- About this exercise
Here the job is to print only the lines from the one containing "Buachaille Etive Mor, Glen" to the end of the entries, both included, exactly as they stand, with pictures excluded.

- Material for this task
= Beginning of Section =
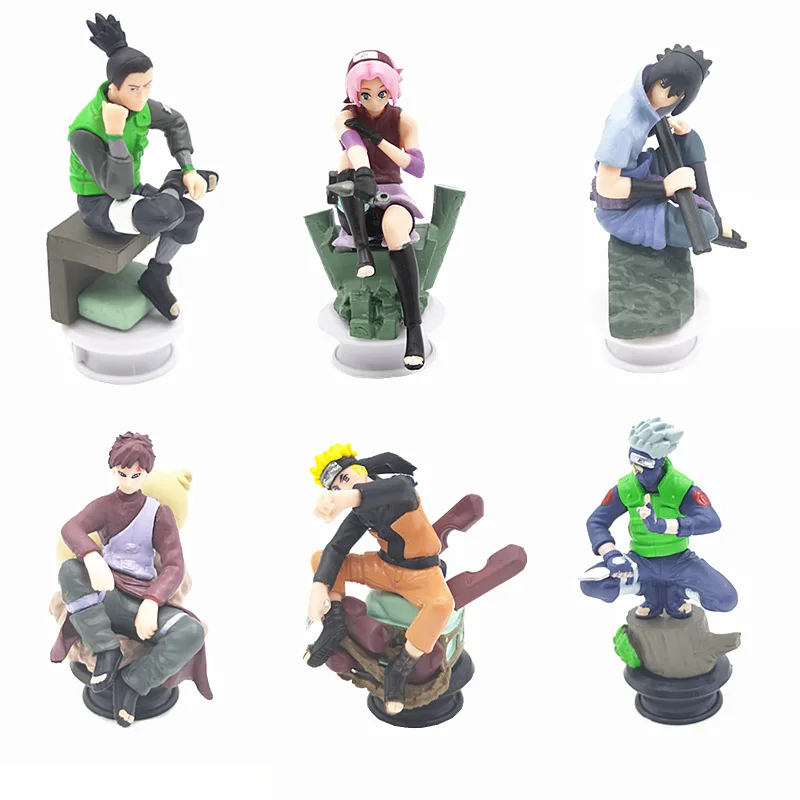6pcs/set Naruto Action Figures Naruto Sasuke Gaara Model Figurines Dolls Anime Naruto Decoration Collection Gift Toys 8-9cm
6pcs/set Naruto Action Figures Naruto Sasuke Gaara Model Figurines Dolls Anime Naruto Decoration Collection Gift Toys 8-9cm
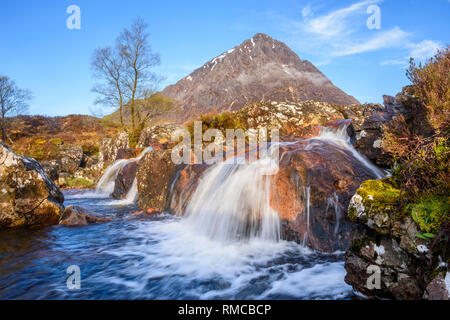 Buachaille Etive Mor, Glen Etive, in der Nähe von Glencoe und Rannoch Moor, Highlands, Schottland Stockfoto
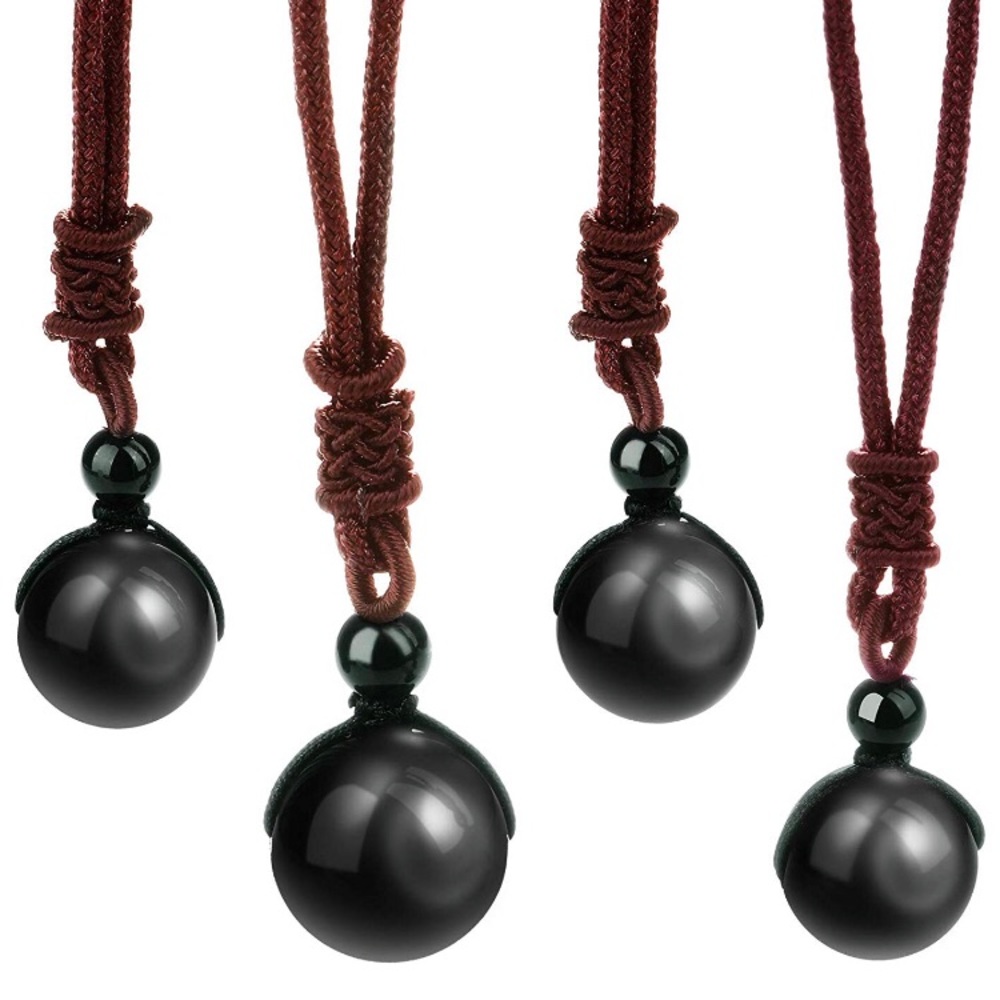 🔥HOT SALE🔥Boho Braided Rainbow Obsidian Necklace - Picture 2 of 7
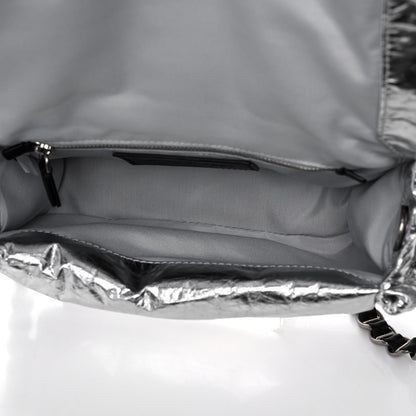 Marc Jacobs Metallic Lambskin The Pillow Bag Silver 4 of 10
= End of Section =
- Solution to this exercise
 Buachaille Etive Mor, Glen Etive, in der Nähe von Glencoe und Rannoch Moor, Highlands, Schottland Stockfoto
 🔥HOT SALE🔥Boho Braided Rainbow Obsidian Necklace - Picture 2 of 7
 Marc Jacobs Metallic Lambskin The Pillow Bag Silver 4 of 10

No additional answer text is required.